A grandeza de Dogman assenta na figura humilde, vulnerável e trágica deste homem. O mesmo que diante da crueldade alheia, representada pelo corpo robusto e ameaçador de Simone (Edoardo Pesce) - um ex-pugilista que é o criminoso mais temido do bairro - vai ser obrigado a usar uma das jaulas onde guarda os animais como método para domar esse humano... Cliente regular do "material" alucinogénio de Marcello, Simone será o verdadeiro cão raivoso alimentado pelo vício, que acaba por abusar largamente da gentileza deste tratador de cães. E a partir do momento em que Marcello perde o vínculo afetivo da comunidade, devido aos excessos e violência de Simone, tudo se torna mais sujo neste filme em que a humanidade e a brutalidade andam de mãos dadas.

Essa humanidade começa, por sinal, na lente de Garrone. Há uma profunda admiração da câmara pela postura e semblante do protagonista (magnífico ator Marcello Fonte, galardoado em Cannes), que torna magnetizante a sua presença nesta paisagem de ruína urbana. De resto, não será por acaso que o sentido do lugar se torna indissociável do mapa expressivo de Marcello. Nele se desenham os próprios traços minimalistas da história, que se encaminha para um final tremendo, no seu peso humano. Digamos que a melhor representação da força bruta visível em Dogman está no plano do seu rosto dorido contra o céu cinzento e com o pátio degradado e semi-abandonado em pano de fundo. Porque tudo acontece em momentos de silêncio como esse. Tudo está escrito nos olhos tristes de Marcello.

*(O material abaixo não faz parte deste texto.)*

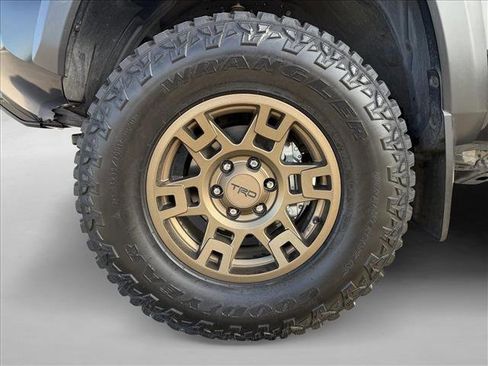 Used 2021 Toyota Tacoma TRD Off-Road image 23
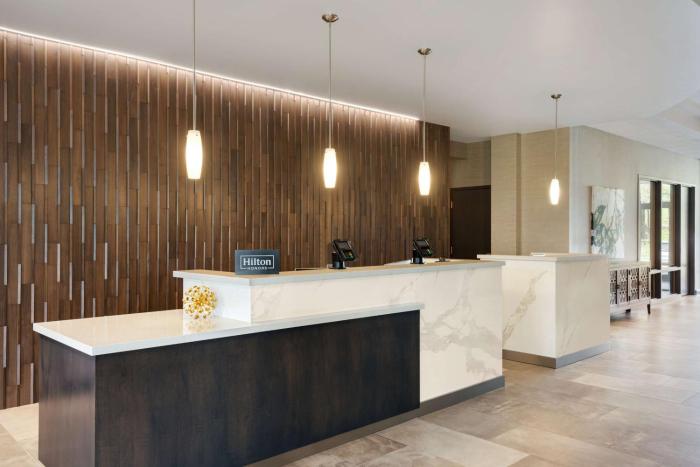 doubletree by hilton st paul east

Inspirado num caso real, Dogman tem a beleza intensa de um conto e a vertigem de uma realidade indomável. Entre uma e outra, Garrone trabalha a categorização do "monstro" e da "vítima" com uma prudência extraordinária, evitando que o filme se aproxime do automatismo narrativo. É antes a linguagem dos corpos que lhe interessa, dentro da metáfora da sociedade italiana que subtilmente se pronuncia. E a já referida "película" de humanidade, que envolve todos os sinais de desfiguração do indivíduo, acaba por ser aquilo que permite encontrar aqui uma poesia de alma burlesca - por essa razão, não será de espantar que Roberto Begnini tenha sido a primeira escolha do realizador. Mas não tenhamos dúvidas, Marcello Fonte revela-se a figura perfeita de um drama que não ladra, mas que nos morde o coração.

O ano de estreias termina assim em grande, com este que é um dos poderosos momentos da sua colheita cinematográfica.